■ TASK
Further down are entries; set down exactly and only the lines from the one with "Daffodils by Ingrid Aanen" up to and including the one with "LP preset #1: Leaves", dropping each picture.

■ LISTED ENTRIES
========================================
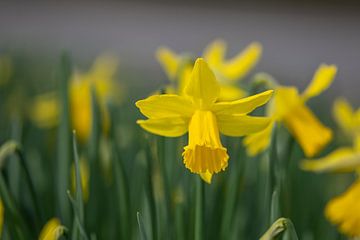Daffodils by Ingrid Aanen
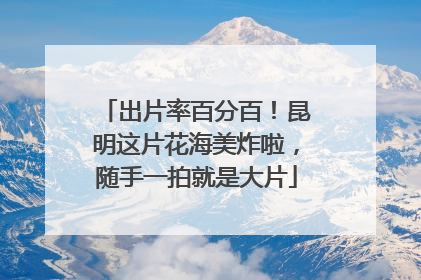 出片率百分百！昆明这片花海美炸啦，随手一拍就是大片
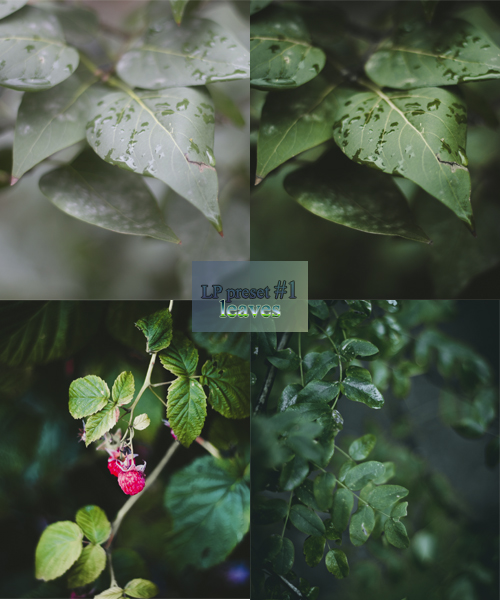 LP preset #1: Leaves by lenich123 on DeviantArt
========================================
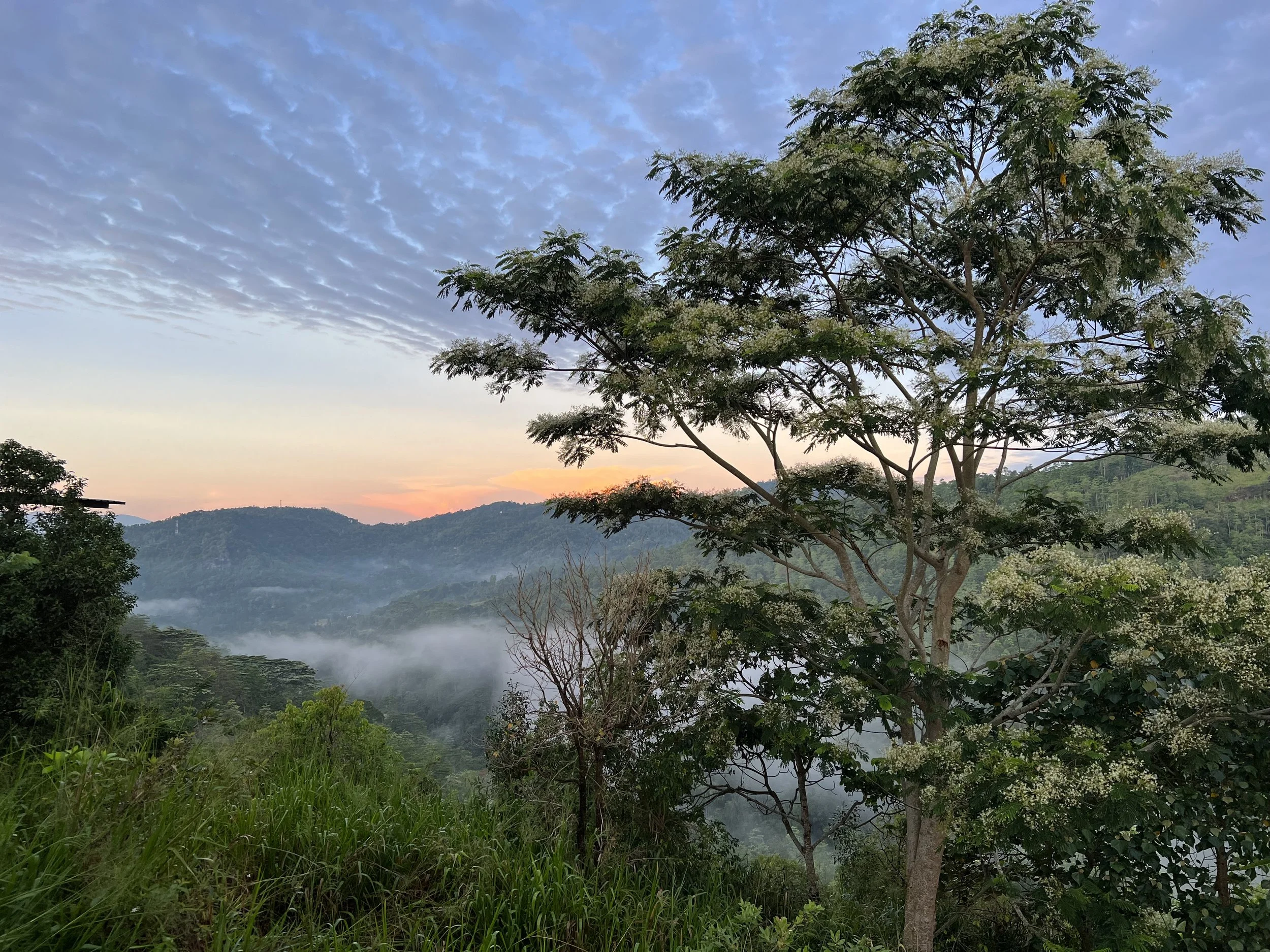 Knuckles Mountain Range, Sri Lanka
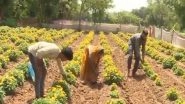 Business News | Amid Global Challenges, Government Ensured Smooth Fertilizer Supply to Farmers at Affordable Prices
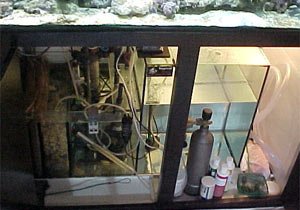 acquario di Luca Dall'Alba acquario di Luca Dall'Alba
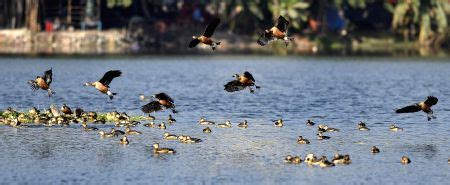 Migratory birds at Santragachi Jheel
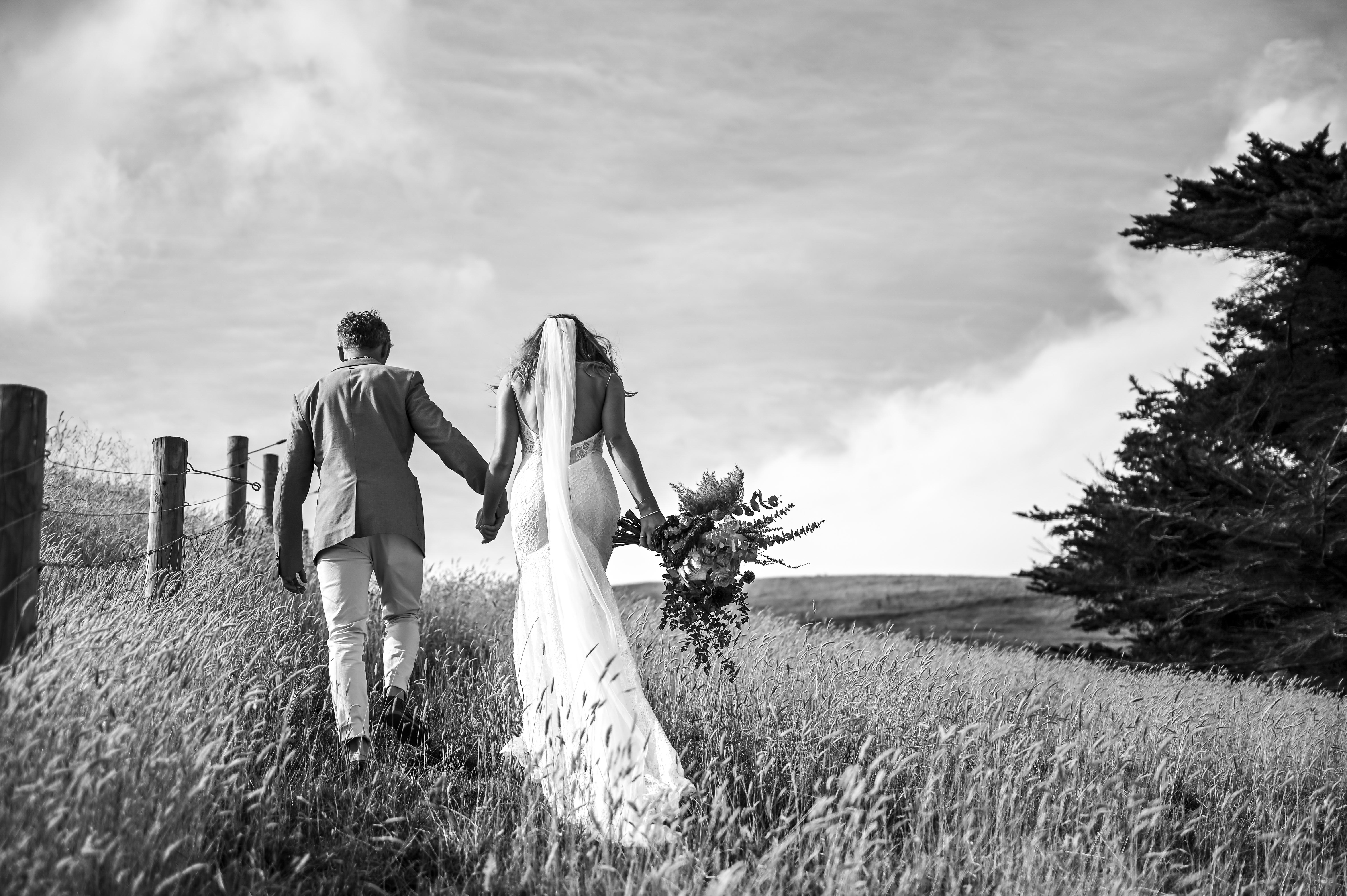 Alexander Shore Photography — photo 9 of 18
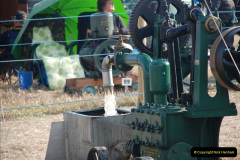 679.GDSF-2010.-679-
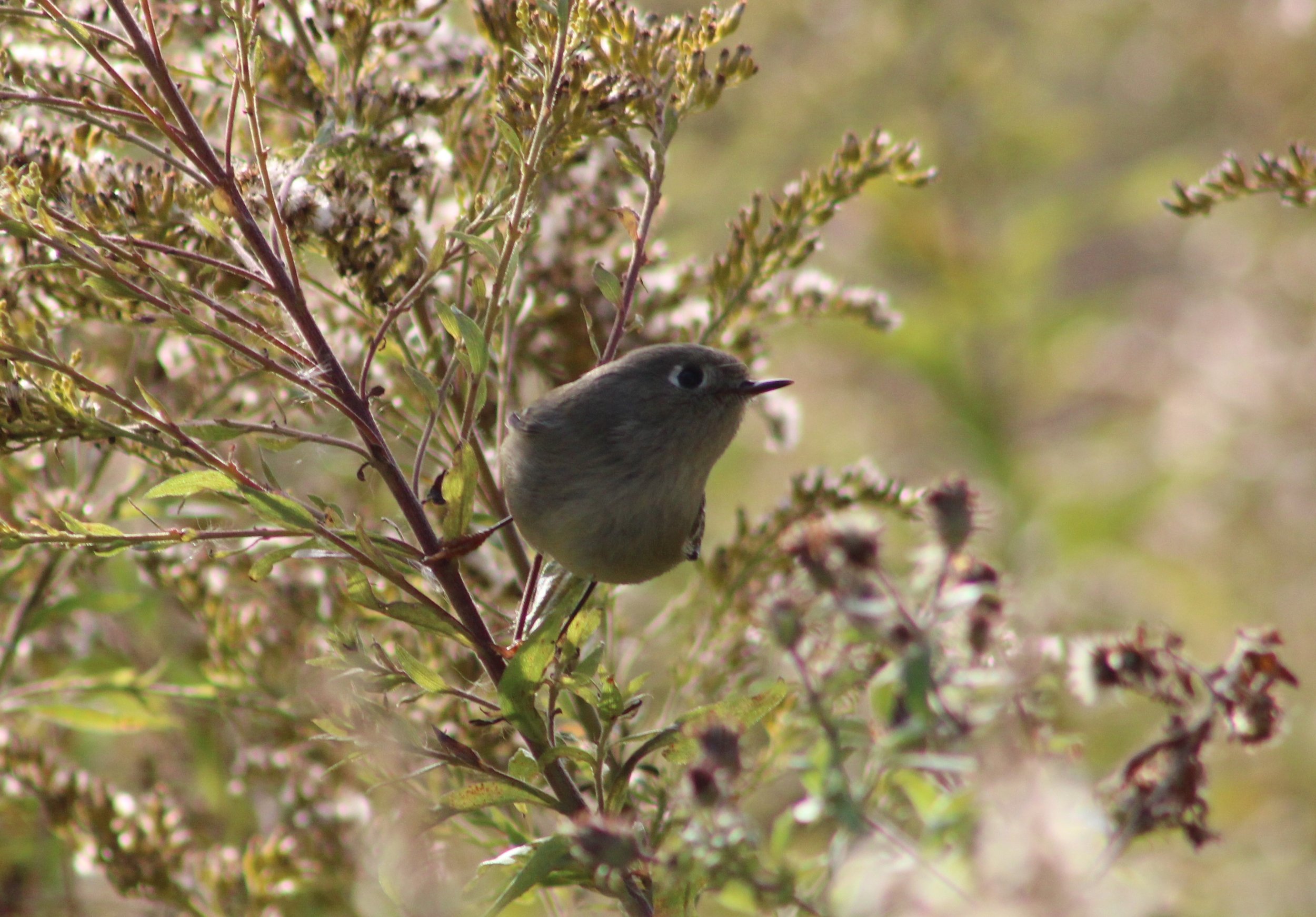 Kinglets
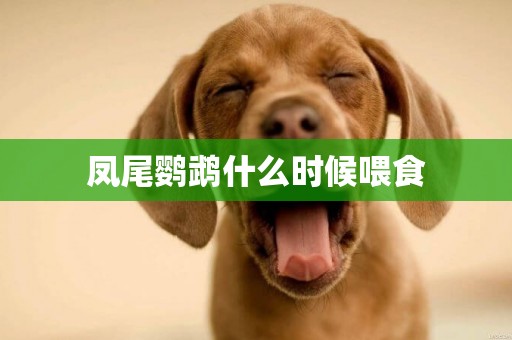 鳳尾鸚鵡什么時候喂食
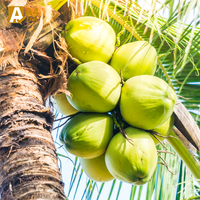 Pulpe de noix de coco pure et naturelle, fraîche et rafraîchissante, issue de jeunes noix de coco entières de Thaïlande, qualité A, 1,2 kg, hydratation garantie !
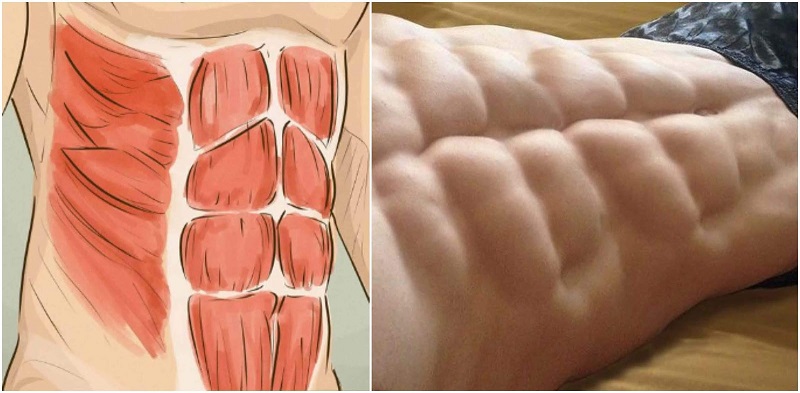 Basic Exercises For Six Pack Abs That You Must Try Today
========================================
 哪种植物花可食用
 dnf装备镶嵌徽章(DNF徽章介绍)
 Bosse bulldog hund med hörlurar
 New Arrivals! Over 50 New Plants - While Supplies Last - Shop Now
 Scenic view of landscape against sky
========================================
■ SOLUTION BELOW
Daffodils by Ingrid Aanen
 出片率百分百！昆明这片花海美炸啦，随手一拍就是大片
 LP preset #1: Leaves by lenich123 on DeviantArt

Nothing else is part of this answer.